• RECORDS:
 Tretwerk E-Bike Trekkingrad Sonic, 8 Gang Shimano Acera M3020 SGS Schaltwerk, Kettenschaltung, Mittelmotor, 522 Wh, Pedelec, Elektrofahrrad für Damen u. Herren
...
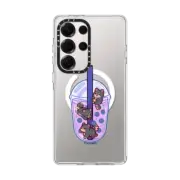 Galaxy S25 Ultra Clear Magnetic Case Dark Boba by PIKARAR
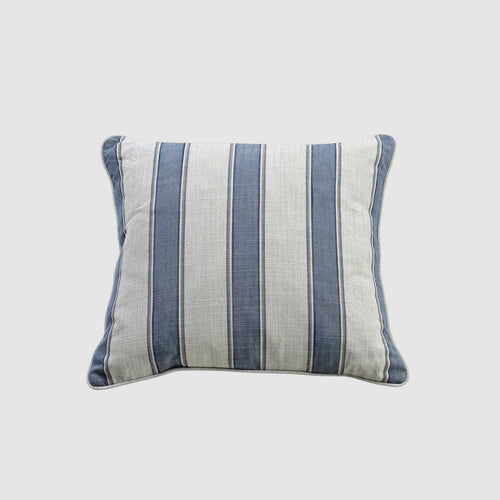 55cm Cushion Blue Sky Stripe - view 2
--
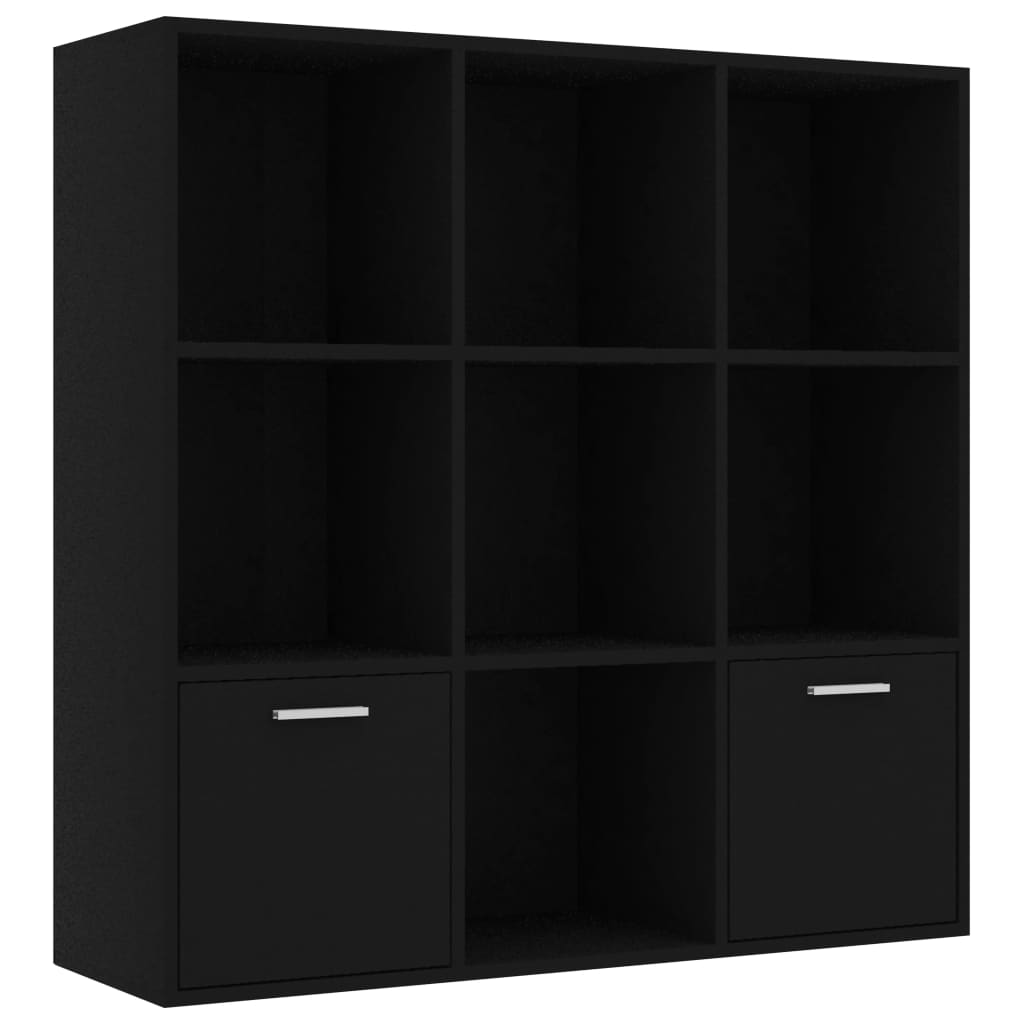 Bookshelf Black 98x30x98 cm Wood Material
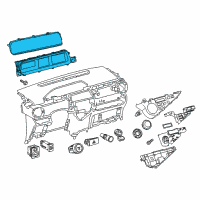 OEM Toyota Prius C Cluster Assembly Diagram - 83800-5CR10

• WHAT YOU SHOULD DO: All lines above starting at the one with "Bookshelf Black 98x30x98 cm Wood Material" and ending at the one with "OEM Toyota Prius", inclusive, are to be printed again exactly, with the pictures left out.

• ANSWER TO THE PROBLEM:
 Bookshelf Black 98x30x98 cm Wood Material
 OEM Toyota Prius C Cluster Assembly Diagram - 83800-5CR10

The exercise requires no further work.